The idea of augmentation is the following, if you just delete some parts you could delete proper heatmaps and pafs. If you add or change parts you need new heatmaps and pafs

piperod commented 6 years ago

@anatolix thanks a lot, I will try your code asap. I was able to get ride of the nans, but I thinks is a very naive solution. I just basically put several copies of my 5 annotations in the 17 spots available in generate_hdf5.py lines 96-100. Still don't have results, but I guess maybe having a code more flexible in the number of annotations could be a good feature to add in the future.

anatolix commented 6 years ago

About accuracy: keras use binary classification accuracy if you just ask for 'accuracy' this metric is not relevant, I think it convert floats in pafs and heatmaps to booleans and compares them.

It is nothing like COCO or MPII accuracies which mentioned in original paper.
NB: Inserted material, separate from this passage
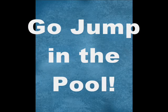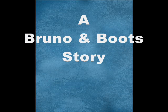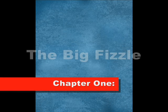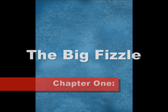Go jump in the pool. A Bruno and Boots story by Gordon Corman. Chapter 1. The Big Fizzle.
piperod commented 6 years ago

It is weird, it went well for about 500 epochs, but then nan is reported again. Just right before it happens, the loss explodes to infinity. captura de pantalla 2017-11-13 a la s 10 14 32 p m captura de pantalla 2017-11-13 a la s 10 14 40 p m

anatolix commented 6 years ago

@piperod I've fixed problem with NaNs in my code https://github.com/anatolix/keras_Realtime_Multi-Person_Pose_Estimation/commit/9e5adc4d4af64b642562882cedf9e30cbf00ed05

and think it could be caused by exactly same mechanism in C++ code. Look at the code https://github.com/michalfaber/rmpe_dataset_server/blob/master/DataTransformer.cpp

  float norm_bc = sqrt(bc.x*bc.x + bc.y*bc.y);
  bc.x = bc.x /norm_bc;
  bc.y = bc.y /norm_bc;

If norm_bc is 0 (body parts for start PAF and end PAF in same place, i.e. hand is perpendicular to image plane, for example directed to the camera) it produces NaN which kill whole neural network instantly.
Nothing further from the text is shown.